Seconds later Jeff shut my smartass mouth up by telling me "Not just him. There was this guy named Bob Cecchini who even beat Arlen back then." See, I'd forgot that not all of the great classical-era builders turned pro. Bob Cecchini falls into that category. His finished iron has stood in shows with the best of 'em and won. And Street Chopper was there to prove it. We ran more than one of his creations on these here pages; it was with sheer delight that we found out he was still up in NorCal and had American Express-one of his champion steeds-still in the stable. Bob was only too happy to accomodate us.
It turns out that Bob and Arlen Ness were good friends back in the '60s and '70s.
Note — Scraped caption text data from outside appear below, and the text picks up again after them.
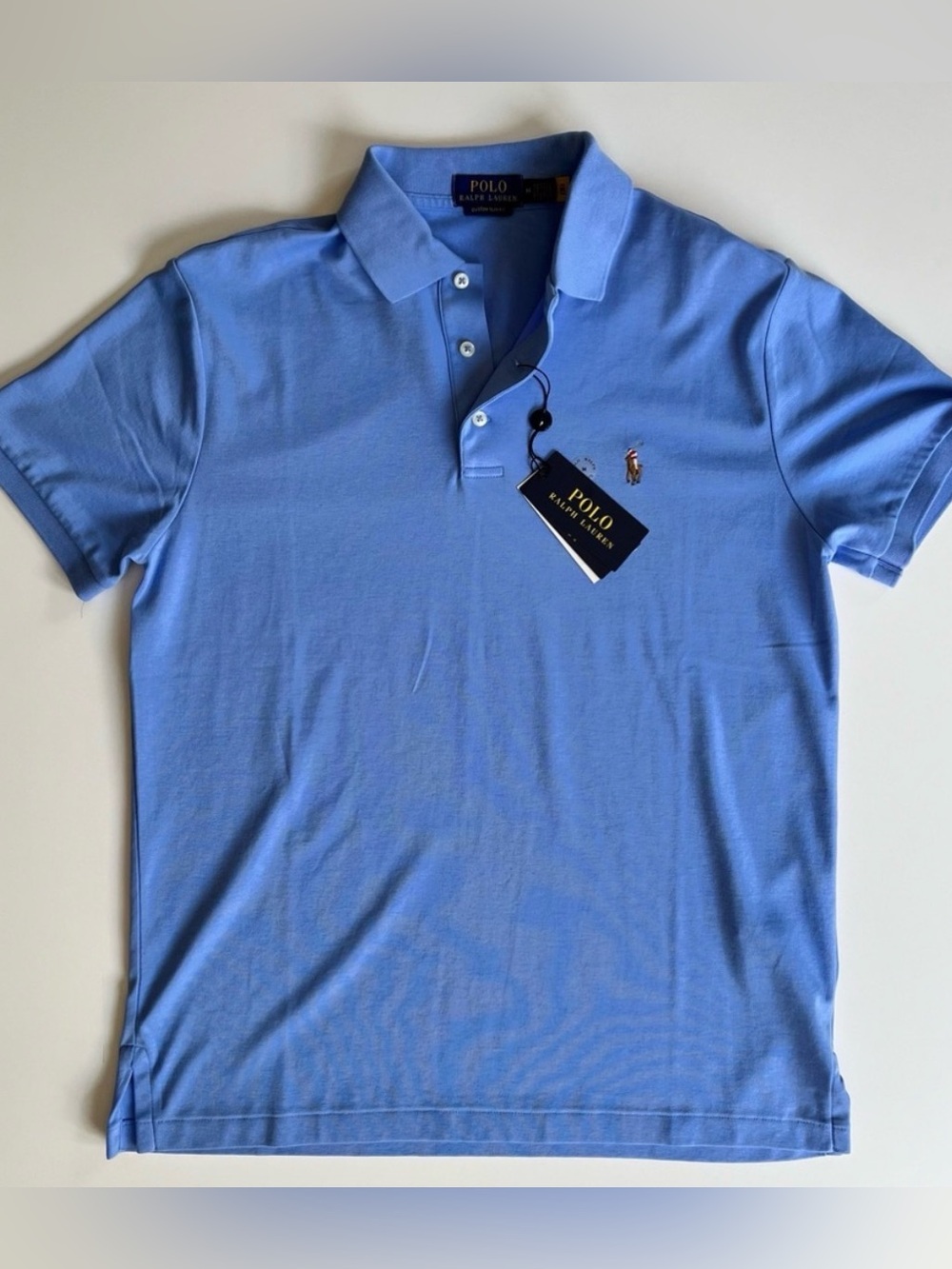 Ralph Lauren Men’s Light Blue Polo Shirt with Embroidered Pony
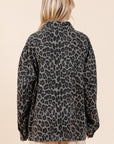 Mittoshop Leopard Button Up Denim Shacket with Breast Pockets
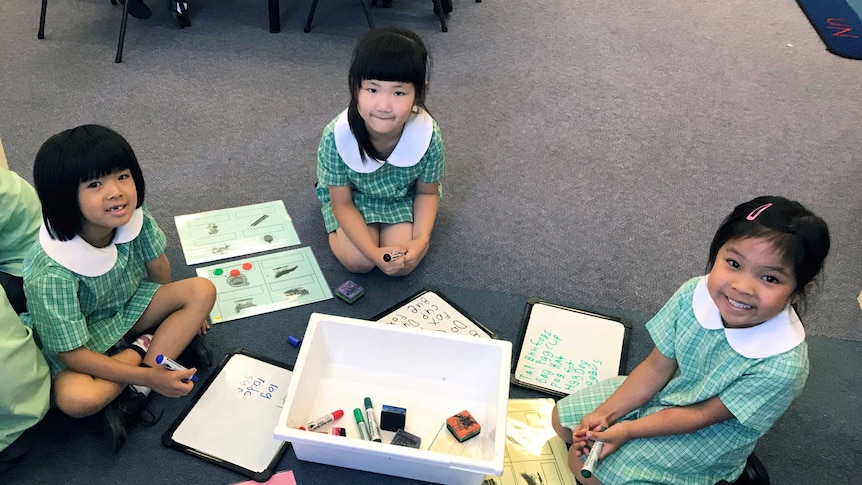 Some young students from St Felix's Catholic Primary School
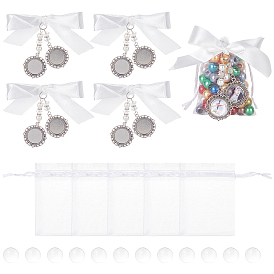 Плоский круглый сплав в тибетском стиле, украшение для фото подвески, с атласной лентой и кабошонами из жемчуга и прозрачного стекла, для оформления свадебного букета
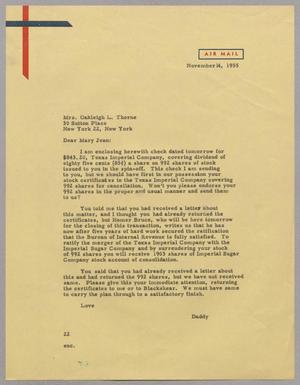 [Letter from Daniel W. Kempner to Mary Jean Thorne, November 14, 1955]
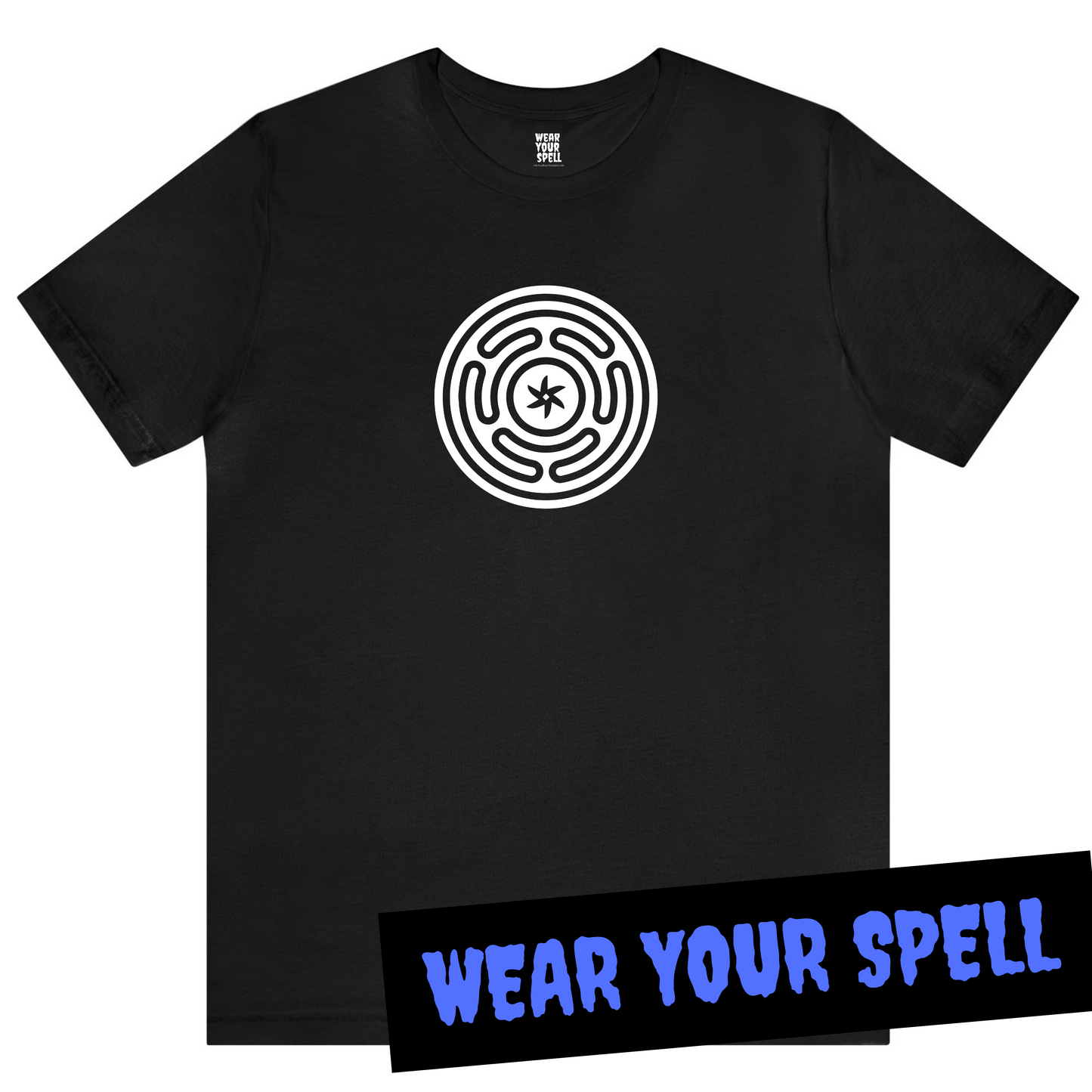 WEAR YOUR SPELL Witch T-shirt. Hekate's Wheel Protection Spell. Magickal correspondence: Hekate's Wheel, Mugwort & Moon Water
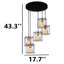 Luminaire suspendu cage en métal 5 lumières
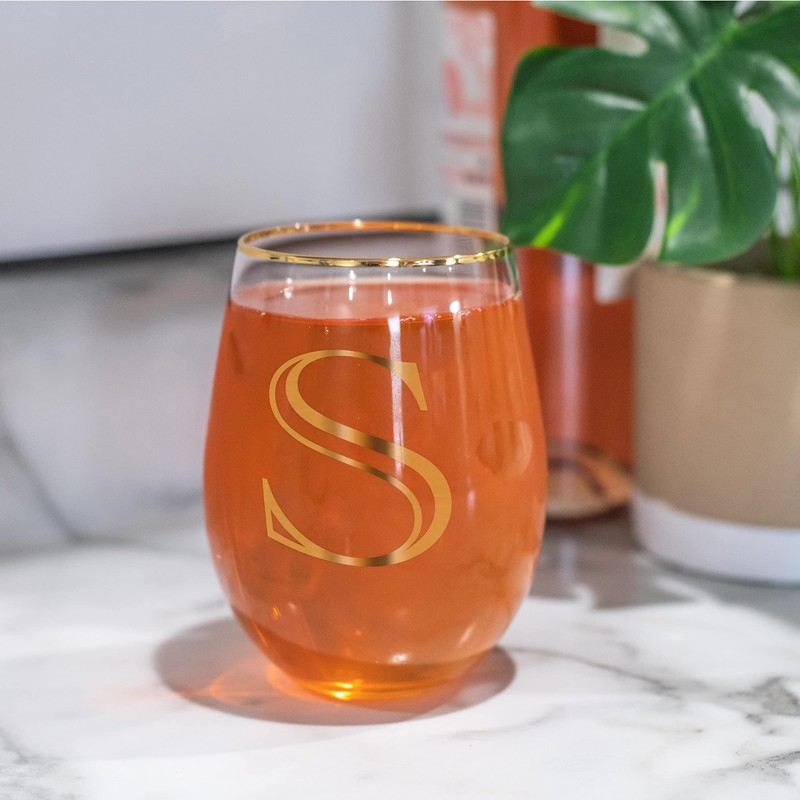 Mary Square Monogrammed S Gold Foil 16 ounce Glass Stemless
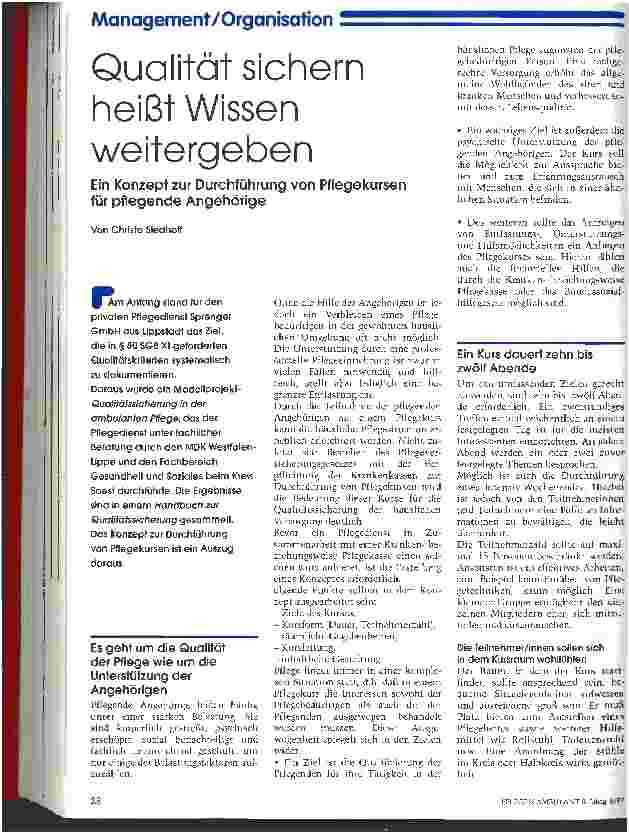 Vorschauseite 1: Qualität sichern heißt Wissen weitergeben Ein Konzept zur Durchführung von Pflegekursen für pflegende Angehörige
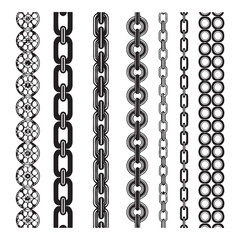 Diverse Chain Link Designs, A collection of black silhouette vector patterns featuring various styles of metal chains, including classic, ornate, and geometric links (3).eps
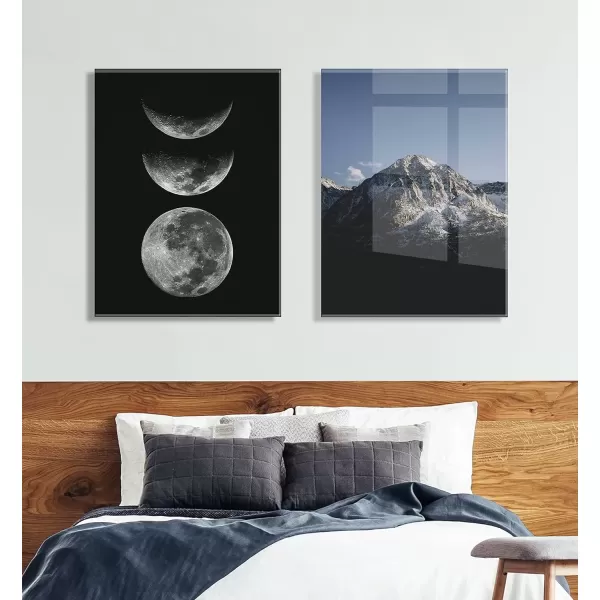 imageKate and Laurel x The Creative Bunch Studio Collaboration Mod Moon Its Just a Phase Floating Acrylic Art 23x31 Black and White Moon Phase Art for Wall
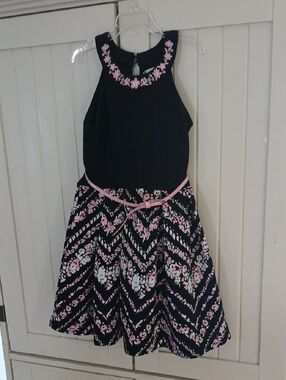 Girks Knitworks Black Dress with Pink Floral Embroidery Size 8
Both were big into hot rod cars. "It was the '50s and rodding is what everybody did. You could afford a $50-$100 car to hop up, so anyone who could turn a wrench half-way decent had a hot rod. Us car guys grew up with a shared knowledge," Bob recalled. Like Arlen, he got into the bike scene later (he was 30). "I rode a buddy's Sportster and liked it, so I bought one. Then I took it to Arlen's garage and worked on it." Back then, if you wanted to call yourself a gearhead in California, attending the Grand National Roadster was practically mandatory. One year, Bob went with his bike buddies. One of whom wasn't too big on the stock foreign bikes sitting in a little group. "Look at those Hondas. Don't they look like shit?" Right then Bob made it his mission to prove his buddy wrong. "Those Hondas were just a different flavor so I resolved to win the show with one.
That takes some will, right there. There wasn't even a motorcycle category at that time; the two wheelers ran head-to-head against the best and brightest hot rod cars on the West Coast. Not only did Bob have to beat the other choppers, he had to beat everybody. And he did. In the year between shows, he took a stock 750cc Honda motor and turned it into a real show stopper named American Express, and you're looking at it right now.
He took a really unique approach to building it, too. There was an artist who went by "The Giant" in the San Francisco Bay at that time. He'd drawn a design that appealed to Cecchini. "Figuring out how to do it was the hardest part. I did a full-scale drawing of that design on my garage floor," Bob said. "We put the engine on blocks and I drew the rest of the bike at full size around it. Then we traced the rest of it onto butcher paper for blueprints. Other guys followed that idea later."